Here's another annoying thing.  Vista has a great gadget that scrolls RSS feeds on the desktop, which is something I'd want to give me the latest marketing news.  Can I import feeds directly from my Sage plugin for Firefox?  No. It seems the only way to get feeds displaying within this gadget is to mosey on over to whatever website publishes the feed I like with IE and add the feed to my favorites.  From there, I can select the feeds to display within the gadget.  That's highly annoying, considering I use Firefox for just about everything.  Notable exceptions to that rule include accessing the Atlas suite (which doesn't work with Firefox) and getting to certain FTP sites (because I'm too lazy to download a real FTP client).  It would be nice if Microsoft gave us an easy way to import feeds from other applications, even if it was as simple as copying and pasting the feed addresses into a web interface or something like that.

One thing's for certain, when I have the Vista drives installed and I'm downloading/installing applications, things are lightning quick.  I can't wait to get everything set up the way I like it, if for no other reason than I'd like to get some speed back.

Things That Make You Go Hmm...

I found something interesting yesterday while researching something for a column. Search Technorati for "Ford Bold Moves" (without the quotes) and you'll find something very disappointing. You will see a huge number of returns for blogs that carry a Ford Bold Moves comment spam ad.I say it's comment spam because the ads are apparently not related to the content of the posts at all.

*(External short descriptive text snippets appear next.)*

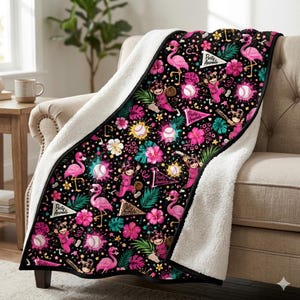 May include: A black throw blanket with a white sherpa lining featuring a repeating pattern of pink flamingos, monkeys in baseball uniforms, baseballs, tropical hibiscus flowers, green palm leaves, and pennants with the text Party Animals.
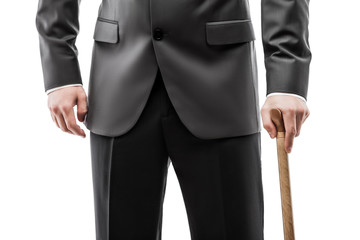 Businessman in black suit holding walking cane stick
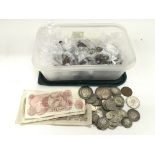 A collection of mixed GB and foreign coinage and bank notes.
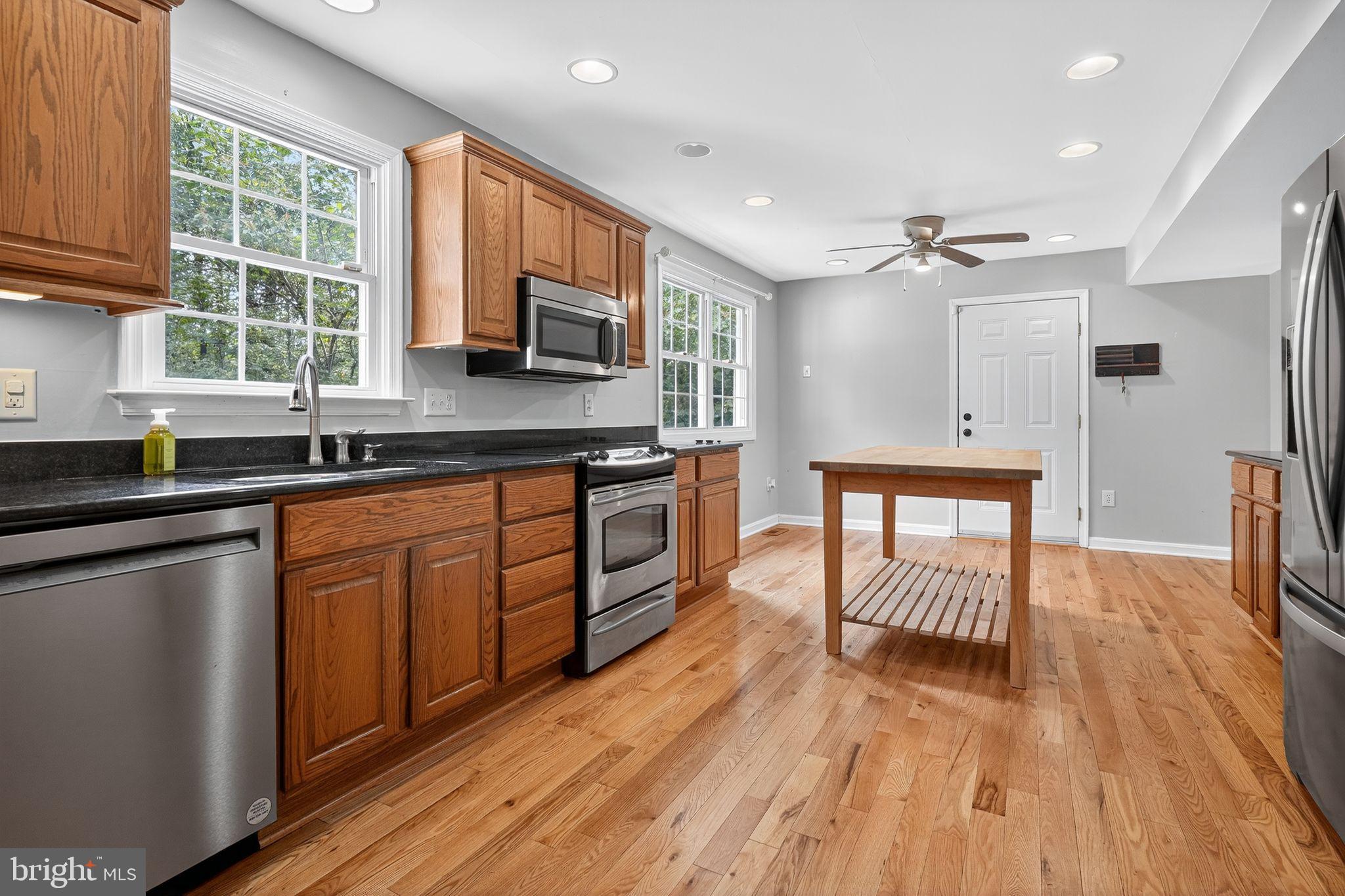 2196 Hallmark Court Gambrills, MD 21054 - Photo 3 of 14 a kitchen with stainless steel appliances granite countertop hardwood floor sink stove dining table and chairs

There are posts about cell phones, computing, news stories, video games and all sorts of other things that are irrelevant to Ford, yet there's this text in comments that reads "FORD BOLD MOVES: THE FUTURE OF FORD. A new documentary series. Be part of the transformation as it happens in real-time" I notice that at least one auto blog that got picked up by Technorati for this search term has deleted the comment, so it appears people other than me are perceiving it as spam.

Here's the kicker: The ad links are all redirects from DoubleClick. Obviously, that's so that whoever is running this comment spam campaign can track clicks. And guess who shows up on DoubleClick's customer testimonials page? The clickthrough URLs also seem to be carrying some interesting information, consistent with click-tracking applications that run on the advertiser side.

From the outside looking in, this has all the identifying marks of an official Ford comment spam campaign. Yes, it could be a rogue affiliate from some sort of affiliate program, but I doubt it. Ford has some 'splainin' to do.